How to write and read single Parquet files

This guide will show you how to write and read data to/from a Deephaven table and from/to a single Parquet file using the write and read methods.

The basic syntax follows:

  • write(source, "/data/output.parquet")
  • write(source, "/data/output_GZIP.parquet", compression_codec_name="GZIP")
  • read("/data/output.parquet")
  • read("/data/output_GZIP.parquet")

Write a table to a Parquet file

Let's create a table to write that contains student names, test scores, and GPAs.

from deephaven import new_table
from deephaven.column import int_col, double_col, string_col

grades = new_table(
[
string_col("Name", ["Ashley", "Jeff", "Rita", "Zach"]),
int_col("Test1", [92, 78, 87, 74]),
int_col("Test2", [94, 88, 81, 70]),
int_col("Average", [93, 83, 84, 72]),
double_col("GPA", [3.9, 2.9, 3.0, 1.8]),
]
)

Now, use the write method to export the table to a Parquet file. write takes the following arguments:

  1. The table to be written. In this case, grades.
  2. The Parquet file to write to. In this case, /data/grades_GZIP.parquet.
  3. (Optional) parquetInstructions for writing files using compression codecs. Accepted values are:
    • SNAPPY: Aims for high speed and a reasonable amount of compression. Based on Google's Snappy compression format.

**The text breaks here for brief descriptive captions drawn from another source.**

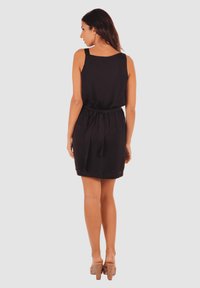 Vestido negro sin mangas con cintura ajustada y detalle de cinturón. Tela suave con un diseño simple, hasta la rodilla, combinado con tacones de color claro.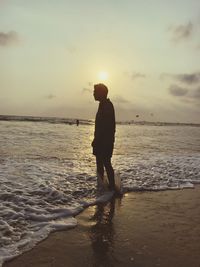 Man standing in sea against sky during sunset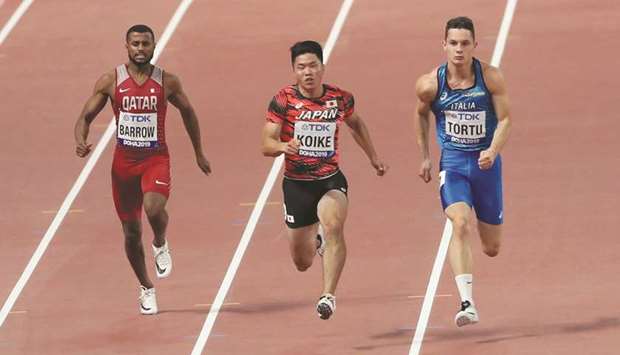 Qataru2019s Owaab Barrow (L), Japanu2019s Yuki Koike, and Italyu2019s Filippo Tortu in action in the 100m heats yesterday.
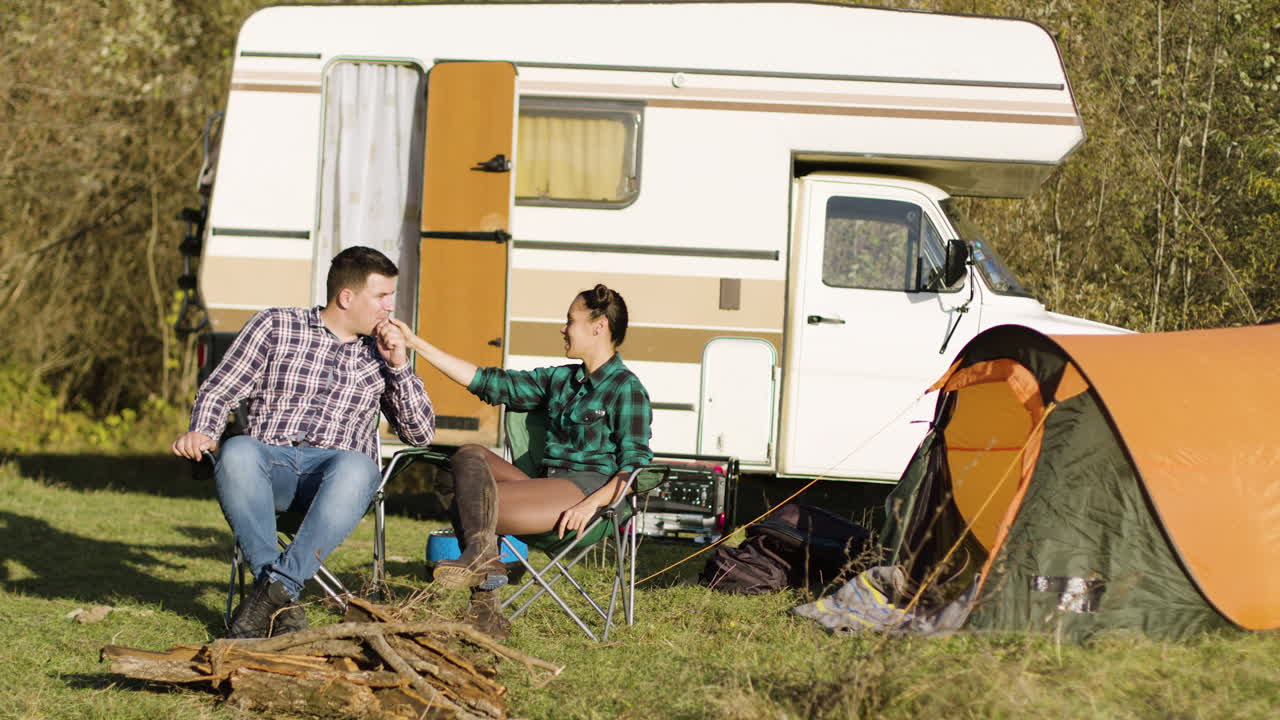 novio hipster besando la mano de su novia mientras está sentado en asientos de camping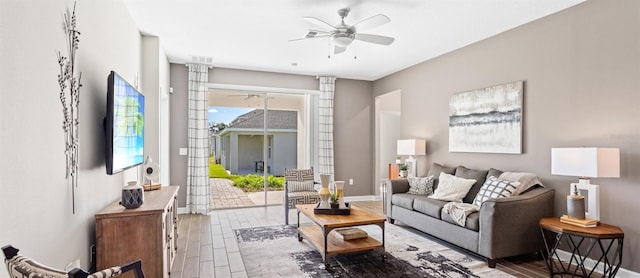 living room with ceiling fan and dark wood-type flooring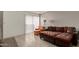 Living room with sectional sofa and access to patio at 1645 W Baseline Rd # 2041, Mesa, AZ 85202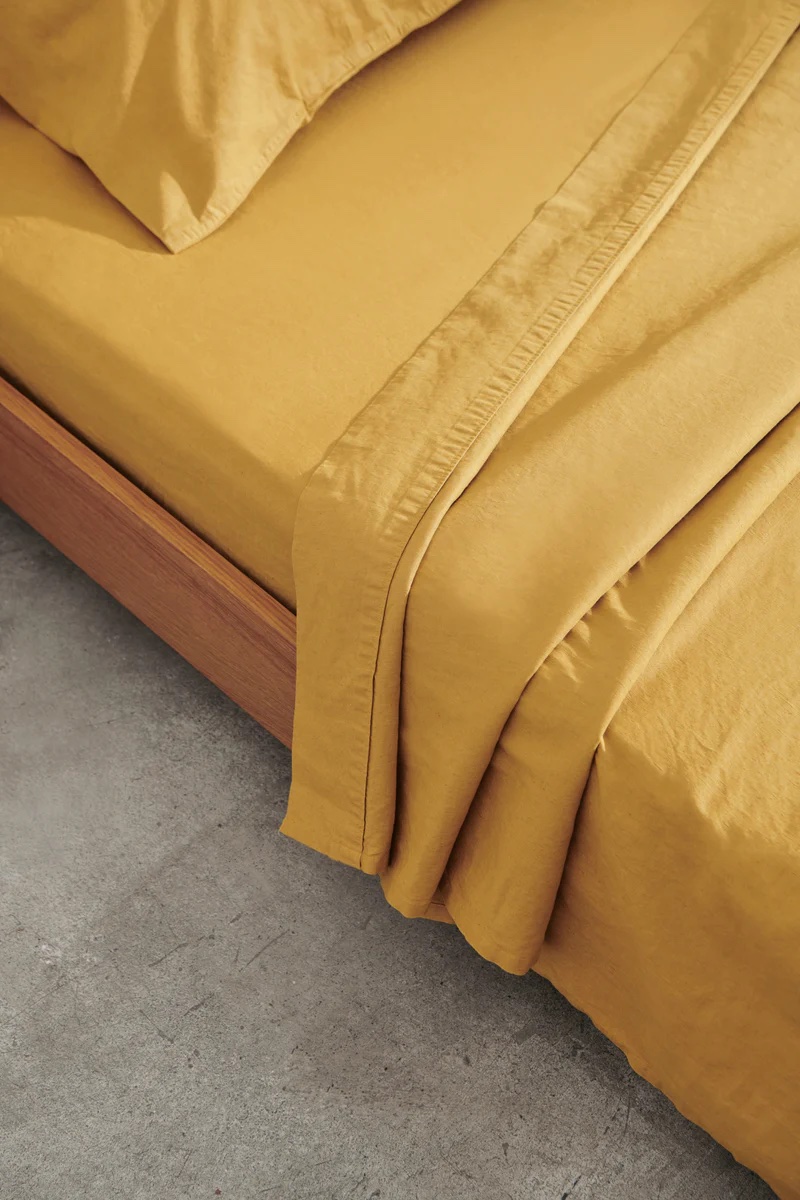 Mustard linen sheets on a made bed.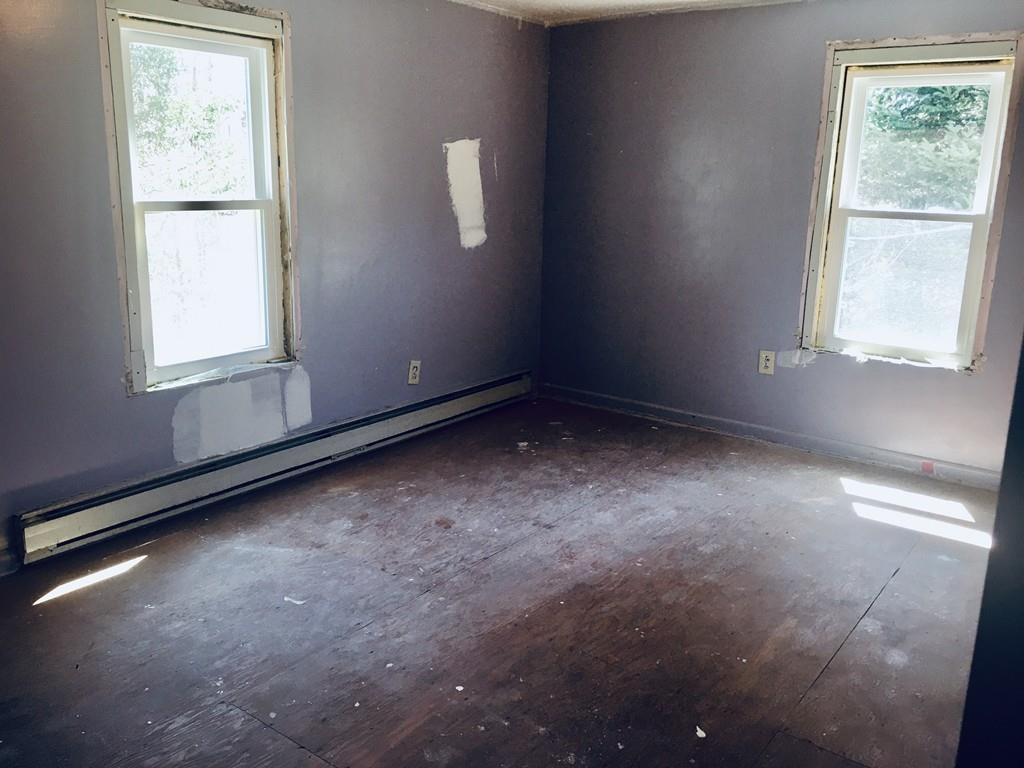 63 Gardner Road Hubbardston, MA 01452 - Photo 28 of 42 an empty room with a window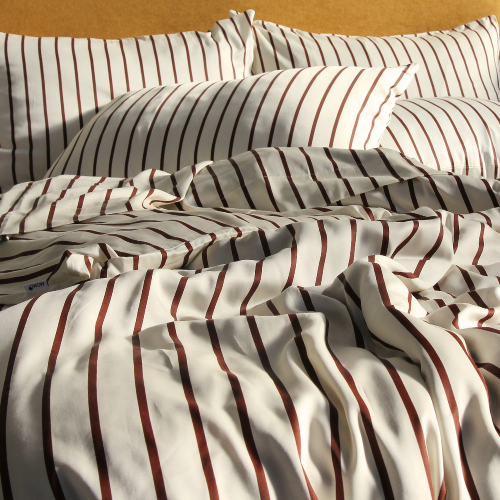 Complete bamboo bedding set with red striped pattern, featuring neatly folded pillowcases and sheets on bed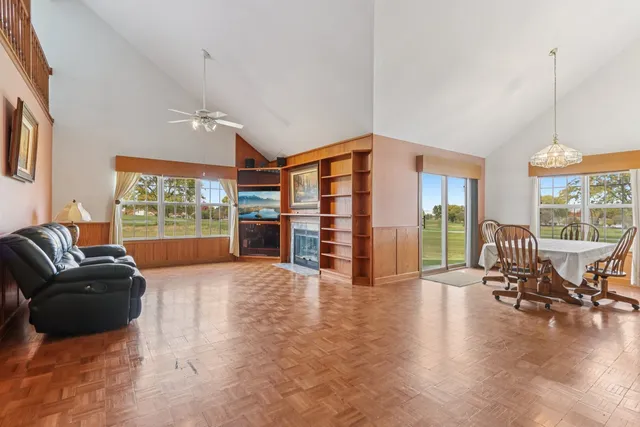 a living room with furniture floor to ceiling window and wooden floor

If ParquetInstructions is not specified, it defaults to SNAPPY.
    • UNCOMPRESSED: The output will not be compressed.
    • LZ4_RAW: A codec based on the LZ4 block format. Should always be used instead of LZ4.
    • LZ4: Deprecated Compression codec loosely based on the LZ4 compression algorithm, but with an additional undocumented framing scheme. The framing is part of the original Hadoop compression library and was historically copied first in parquet-mr, then emulated with mixed results by parquet-cpp. Note that LZ4 is deprecated; use LZ4_RAW instead.
    • LZO: Compression codec based on or interoperable with the LZO compression library.
    • GZIP: Compression codec based on the GZIP format (not the closely-related "zlib" or "deflate" formats) defined by RFC 1952.
    • ZSTD: Compression codec with the highest compression ratio based on the Zstandard format defined by RFC 8478.
note

In this guide, we write data to locations relative to the base of its Docker container. See Docker data volumes to learn more about the relation between locations in the container and the local file system.

from deephaven.parquet import write

write(grades, "/data/grades_GZIP.parquet", compression_codec_name="GZIP")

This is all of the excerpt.